WHAT THE TASK REQUIRES ->
Each line of the listing below must be retyped exactly, with images left out.

>>

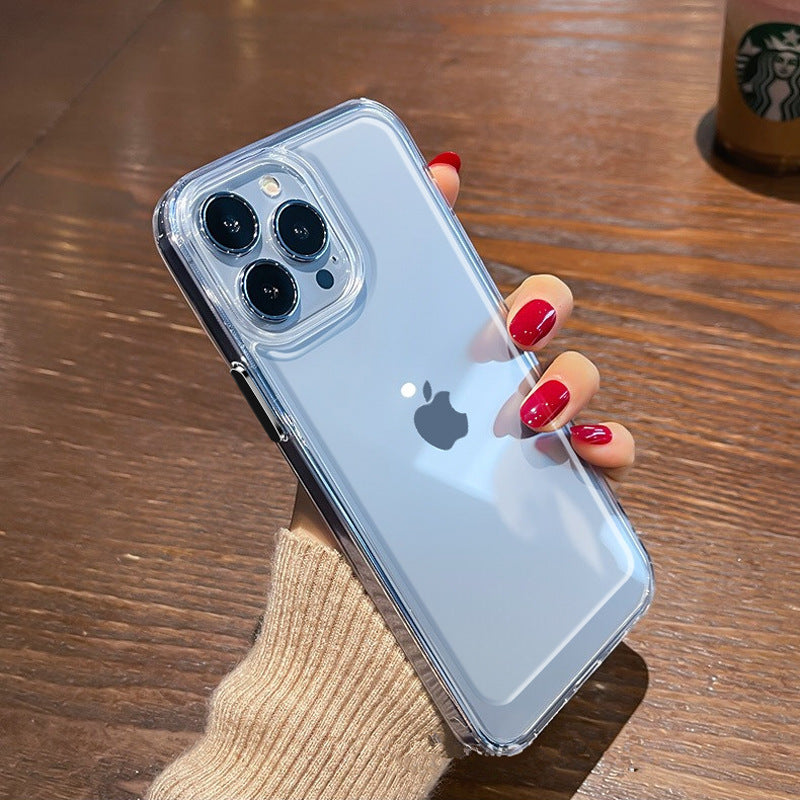 Venta al por mayor Caja de acrílico del teléfono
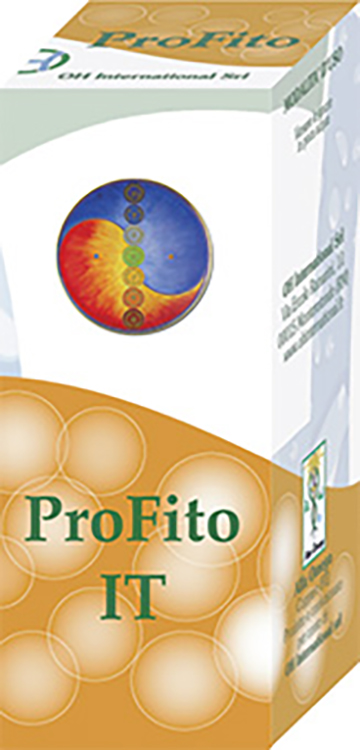 PROFITO IT GOCCE 50 ML - FARMACIA33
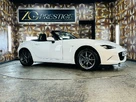 2019-mazda-mx-5-15-se-small-0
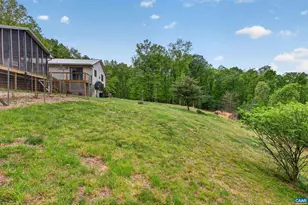 141 Cradon Hill Ln, Amherst, VA 24521 - Photo 56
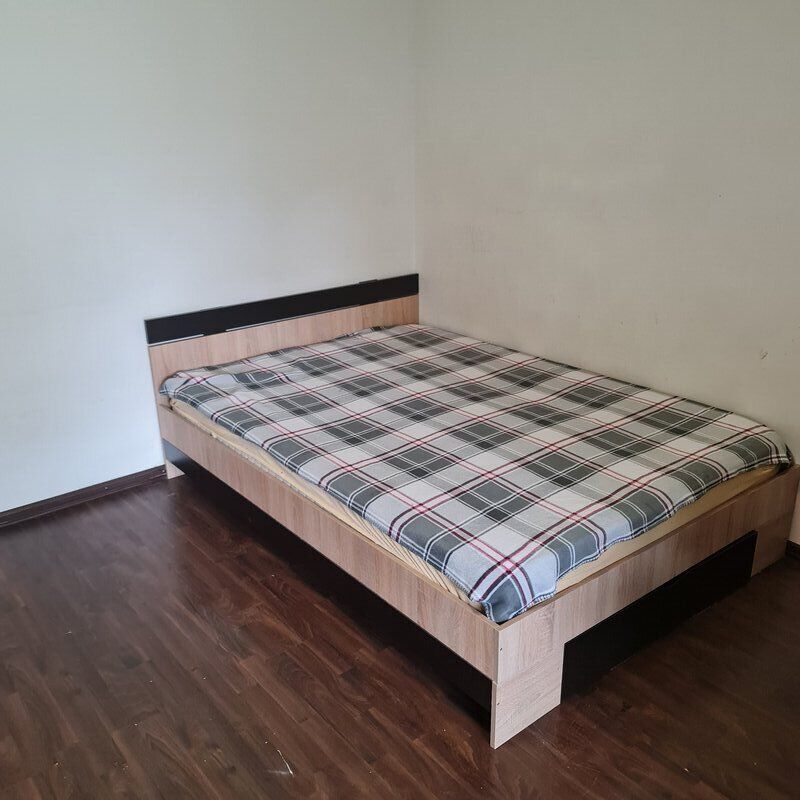 Pantelimon, Delfinului,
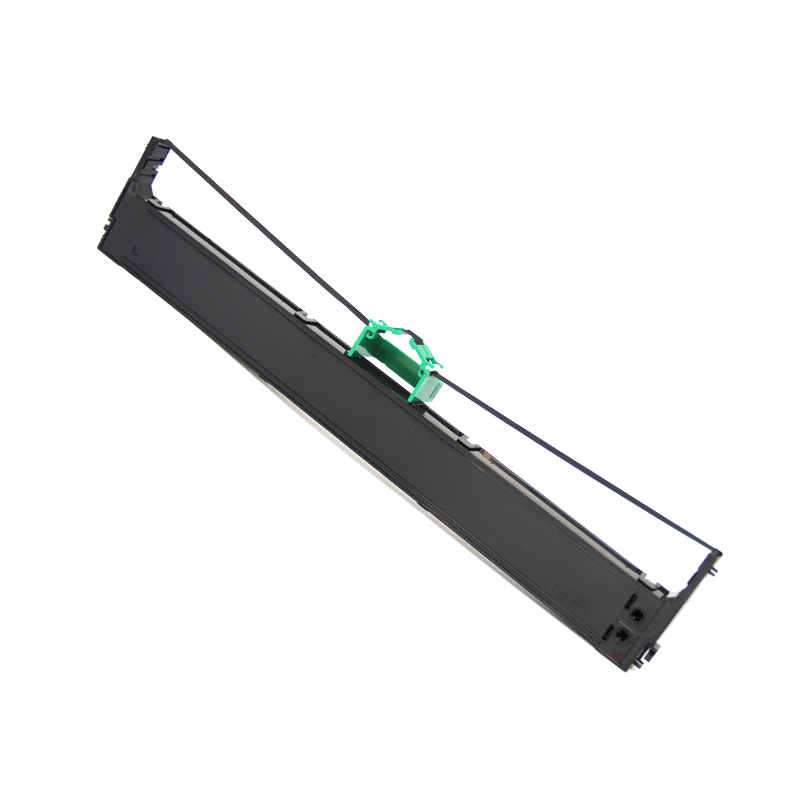 纵横R-DPK500通用耗材-通用硒鼓(黑色)(支)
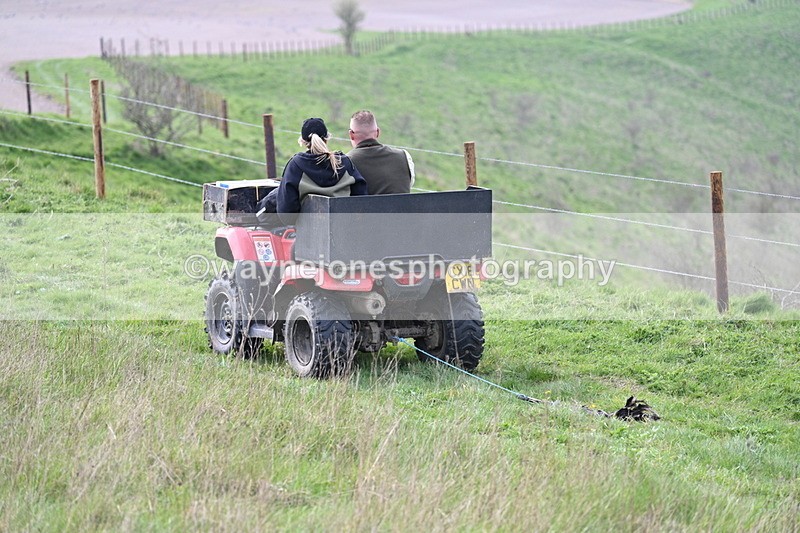 WJ7_8010 - Line 2 A camera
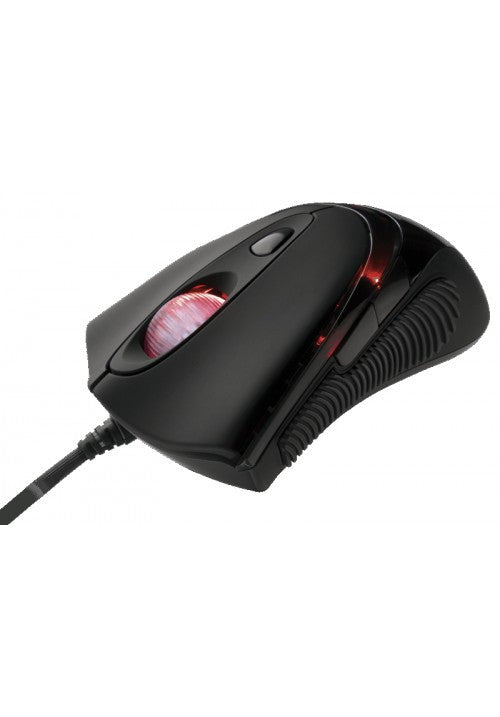Corsair Raptor® LM3 Gaming Mouse ( 2 Yrs Wrty )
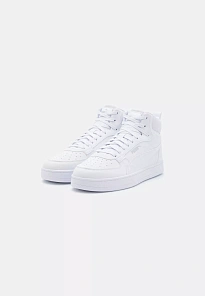 Фото № 3 с приближением к товару «‎CAVEN 2.0 MID UNISEX»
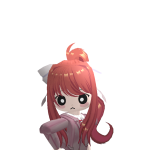 @ItsLiterallyStar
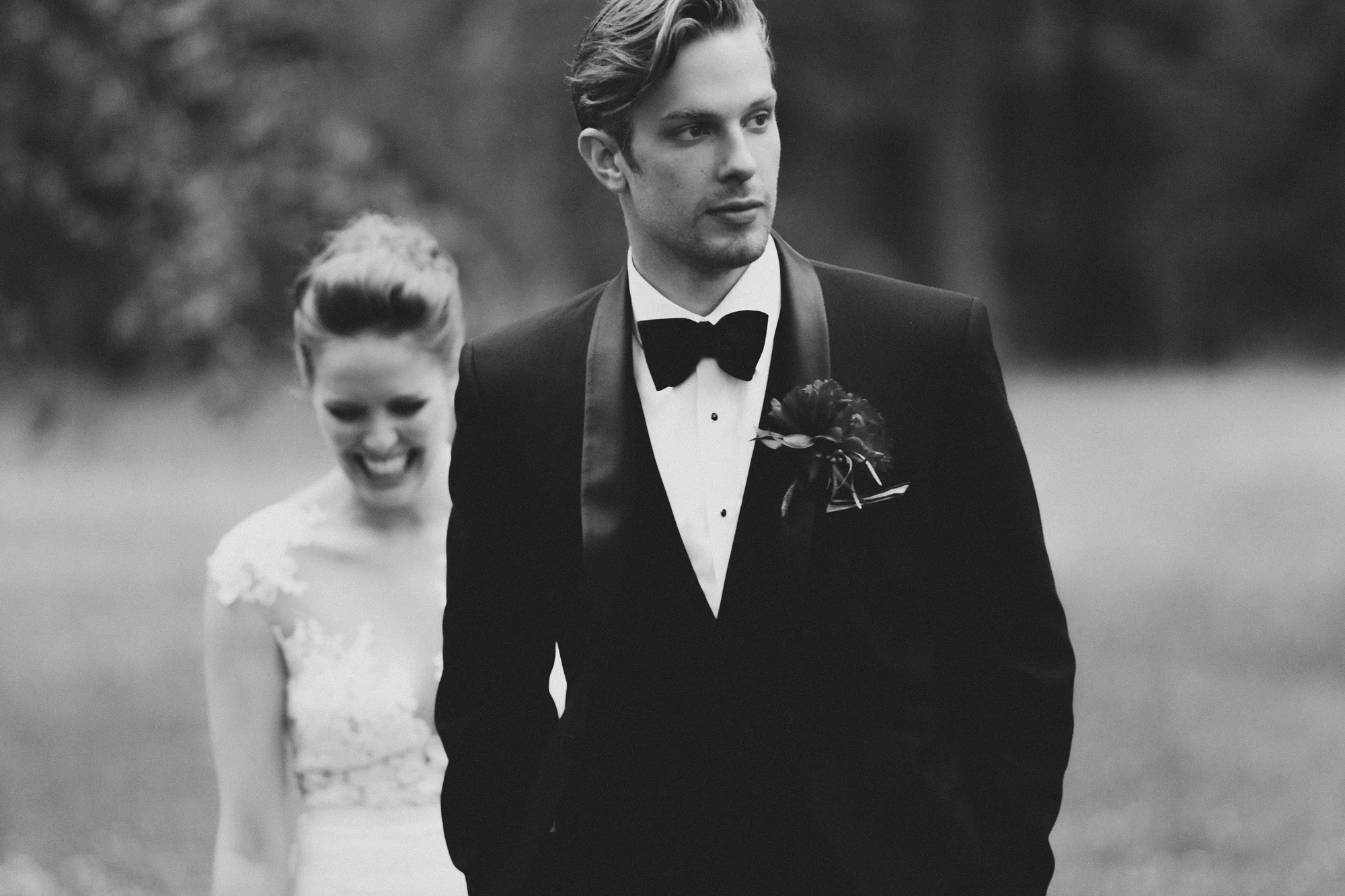 WEDDING-28.jpg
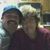 Rodney Darryl Shadoan's profile image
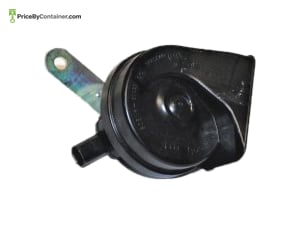 BMW 61337163976 — BMW GENUINE HORN / 61337163976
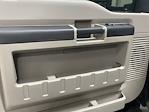 2010 Ford F-250 Crew Cab 4WD Pickup for sale #AEA08049 - photo 17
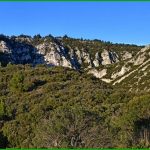 Suc du Merle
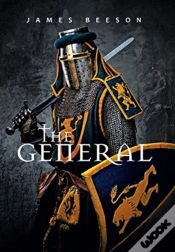 Capa do artigo The General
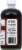 Benjamins Vanilla Flavoring Perspective: right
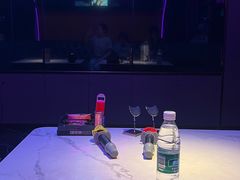 -星聚会KTV(上海松江万达店)
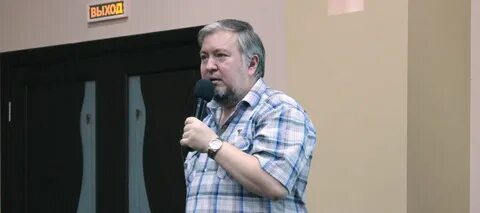 Водовозов видео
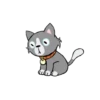 ️ perros y gatos   mov 7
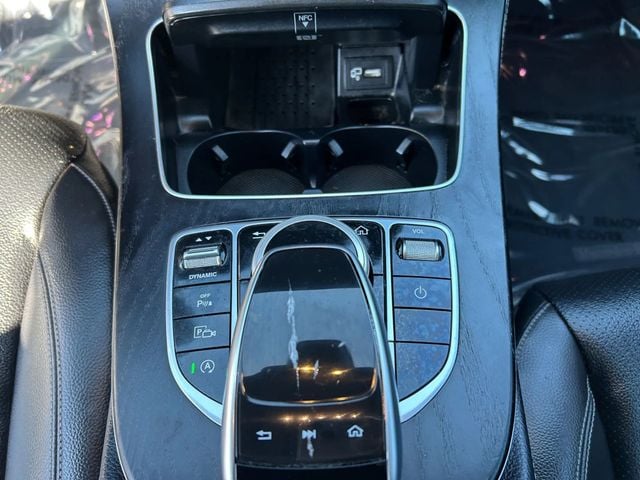 2018 Mercedes-Benz E-Class E 300 4MATIC Sedan 4D - 22978506 - 17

<<

ANSWER BOX ->
 Venta al por mayor Caja de acrílico del teléfono
 PROFITO IT GOCCE 50 ML - FARMACIA33
 2019-mazda-mx-5-15-se-small-0
 141 Cradon Hill Ln, Amherst, VA 24521 - Photo 56
 Pantelimon, Delfinului,
 纵横R-DPK500通用耗材-通用硒鼓(黑色)(支)
 WJ7_8010 - Line 2 A camera
Corsair Raptor® LM3 Gaming Mouse ( 2 Yrs Wrty )
 Фото № 3 с приближением к товару «‎CAVEN 2.0 MID UNISEX»
 @ItsLiterallyStar
 WEDDING-28.jpg
 Rodney Darryl Shadoan's profile image
 BMW 61337163976 — BMW GENUINE HORN / 61337163976
 2010 Ford F-250 Crew Cab 4WD Pickup for sale #AEA08049 - photo 17
 Suc du Merle
 Capa do artigo The General
 Benjamins Vanilla Flavoring Perspective: right
 -星聚会KTV(上海松江万达店)
 Водовозов видео
 ️ perros y gatos   mov 7
 2018 Mercedes-Benz E-Class E 300 4MATIC Sedan 4D - 22978506 - 17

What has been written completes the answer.